Jordan Bardella, pupilo de Le Pen e presidente do RN, disse que Macron é “irresponsável e organiza a paralisia do país ao posicionar a extrema esquerda às portas do poder”.
Fora da arena política, constitucionalistas também criticaram o presidente.
“Esta decisão é constitucionalmente incompreensível e democraticamente irresponsável. A nível democrático, Macron perdeu as eleições e não pode impor nada”, avalia Jean-Philippe Derosier, professor de direito na Universidade de Lille, no seu blog “A Constituição Decodificada”.
Outros constitucionalistas seguem na mesma linha e dizem que Macron se recusa a reconhecer a sua própria derrota ao manter Attal no cargo.
Diversos jornais franceses também relataram que interlocutores próximos a Macron afirmaram que o presidente não quer ficar fora do jogo e buscou com a sua carta retomar o controle.

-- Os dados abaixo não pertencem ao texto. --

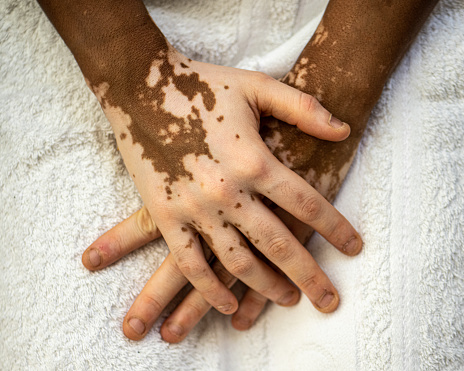 Details of skin tones on the hands of a young African woman with skin vitiligo,skin care and genetic melatonin change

Ao apelar por uma maioria ampla e negar a vitória da esquerda, o presidente francês tenta abrir caminho para a criação de um bloco central na Assembleia Nacional, no qual se reuniriam deputados do seu bloco centrista, o Ensemble, do Republicanos e da esquerda moderada, dos socialistas e ecologistas.
Quando Macron diz que “ninguém ganhou” e que “só as forças republicanas representam a maioria absoluta”, exclui o Reunião Nacional, o partido mais votado no último domingo (7), e a França Insubmissa, que elegeu o maior número de deputados do bloco vencedor. Juntos, os dois partidos somam 214 deputados.
Por todas as razões citadas, não há muito clima para comemorar o grande marco da Revolução Francesa e a queda do absolutismo neste ano.
Além da distração com a chegada da chama olímpica, a Festa Nacional neste domingo será realizada fora do seu lugar habitual e sem um governo formado pelo campo vencedor.
Em um ano em que o mundo olha para França por causa dos Jogos Olímpicos, o berço do Iluminismo pode não ter grandes exemplos democráticos para exibir.